▸ **Work instruction**
Output the data in full. Keep every word exact and exclude the pictures.

▸ **Input data**
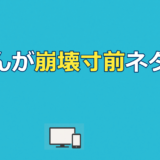 【渡くんの××が崩壊寸前】ネタバレ｜最終回・畑荒らし・配信先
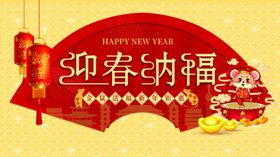 鼠年迎春纳福海报
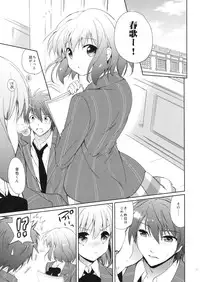 (HaruCC18) [Kurimomo (Tsukako)] evergreen Remix (Uta no Prince-sama)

▸ **Reply**
 【渡くんの××が崩壊寸前】ネタバレ｜最終回・畑荒らし・配信先
 鼠年迎春纳福海报
 (HaruCC18) [Kurimomo (Tsukako)] evergreen Remix (Uta no Prince-sama)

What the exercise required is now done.